2018年08月06日 15時21分55秒 | 国際政治
「核兵器ない世界」主導=禁止条約に触れず―安倍首相・広島原爆忌
本日8月6日、人類史上はじめて広島に原爆が投下されてから73年が過ぎ、今年も、被爆地では平和祈念式典が開催されました。ところが、同式典に参列した安倍首相のあいさつに昨年7月に採択された核兵器禁止条約に触れる件がなかったことから、一部マスメディアや被爆者の間から落胆の声が上がっています。しかしながら、この批判、どこか的外れのように思えます。

 その理由は、核兵器禁止条約は、真剣に「核兵器ない世界」の実現を目指すならば、戦略ミスである疑いが濃いからです。核兵器禁止条約が成立した結果、国際社会は、NPT(核拡散防止条約)と核兵器禁止条約が併存するという奇妙な事態に陥っております。
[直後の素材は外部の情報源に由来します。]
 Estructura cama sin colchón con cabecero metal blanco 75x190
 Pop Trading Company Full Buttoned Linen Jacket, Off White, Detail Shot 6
同一の行為をめぐって、ある法では合法となり、他の法では違法となる状況は、法空間の分裂を意味しており、全世界を枠組みとした一つの国際法秩序の維持という観点からすれば、‘あってはならない事態’、即ち、国際法における法域の崩壊なのです。

 核兵器禁止条約を主導したICANの戦略は、核保有国を含む全ての諸国を加盟させれば、事実上、NPTは自然消滅し、同条約に一本化するというものであったのでしょう。しかしながら、核保有国が自らの特権を放棄するような条約に加わる可能性は極めて低く、非現実的な戦略と言わざるを得ません。しかも、一旦、核兵器禁止条約に加盟しますと、核保有国は同条約の非加盟国であるため、核保有国に対し、同条約を根拠に是正を求める権利も機会もありません。核兵器禁止条約は、この意味においても、非核保有国の安全を危険に晒しているのです。
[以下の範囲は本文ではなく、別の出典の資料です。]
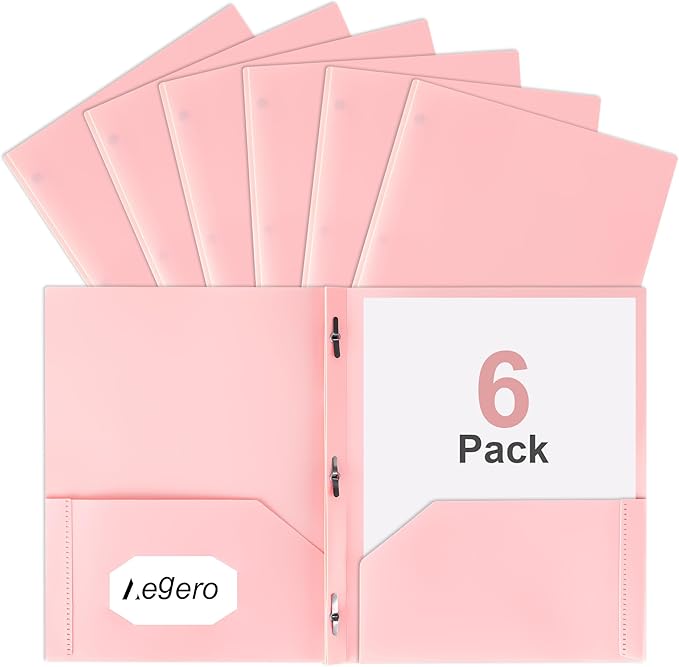 Aegero Folders with Pockets and Prong with Fasteners (6 Pack,Coral Powder),Durable Plastic Pocket Folders with Prongs,Tear Resistant,2 Pocket 3 Prong Folders for Schoolwork & Office,Letter Size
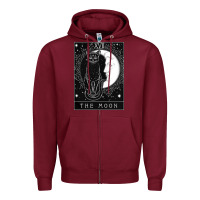 Burgundy tarot card crescent moon and cat graphic Zipper Hoodie - artisFamous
 こうした理想主義に基づく核兵器禁止条約の欠陥を考慮しますと、仮に「核兵器ない世界」への道を探るならば、NPTの枠組の中で同条約の改正を目指した方が、遠回りのように見えても、より現実的であったように思えます。この場合、核保有国の条約上の義務や制裁を重くすべきであり、中国やロシアのように、核ミサイルの照準を他国に合わせて恐喝するといった行為を取り締まる必要があります。また、これらの諸国からのイランや北朝鮮への核技術の流出も疑われていますが、核保有国による核拡散行為に対しても厳しい制裁を科すべきでもあります。そして、IAEAによる無条件核査察の受け入れにより、全ての非核保有国の非核化が完全に確認される段階に至って、初めて核保有国も、核の全面的な放棄に踏み込むことができましょう。言い換えますと、非核保有国の声を反映させる形で、最終段階における核保有国の非核化をNPTに義務として書き込むのです(現状では、核保有国による核軍縮への取組み義務に過ぎず、かつ、中国はこうした義務に対して無視を決め込んでいる…)。
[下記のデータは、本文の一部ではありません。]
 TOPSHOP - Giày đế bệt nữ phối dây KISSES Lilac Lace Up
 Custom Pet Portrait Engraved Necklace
 以上に述べたように、ステップ・バイ・ステップ方式によるNPT改正の方が、核兵器禁止条約よりも遥かに現実的で安全な路線なのですが、それでも、「核兵器ない世界」が実現は遠い道のりです。核保有を‘特権’と見なす中国やロシアは核保有国の義務強化に難色を示すでしょうし、核保有国には、国連安保理常任理事国の他に、インド、パキスタン、イスラエルといったNPT非加盟国が存在しており、北朝鮮も一方的な脱退を宣言しているからです。全世界の諸国を条約に加盟させることの困難さは、NPTと雖も乗り越えるのが難しい壁なのです。

何れにしても、核兵器禁止条約は、現状においては、ただでも難しい核問題をさらに複雑にする攪乱要因でしかないように思えます。ICANは、NPT改正という地道な方法を選択しなかった理由を、一体、どのように説明するのでしょうか。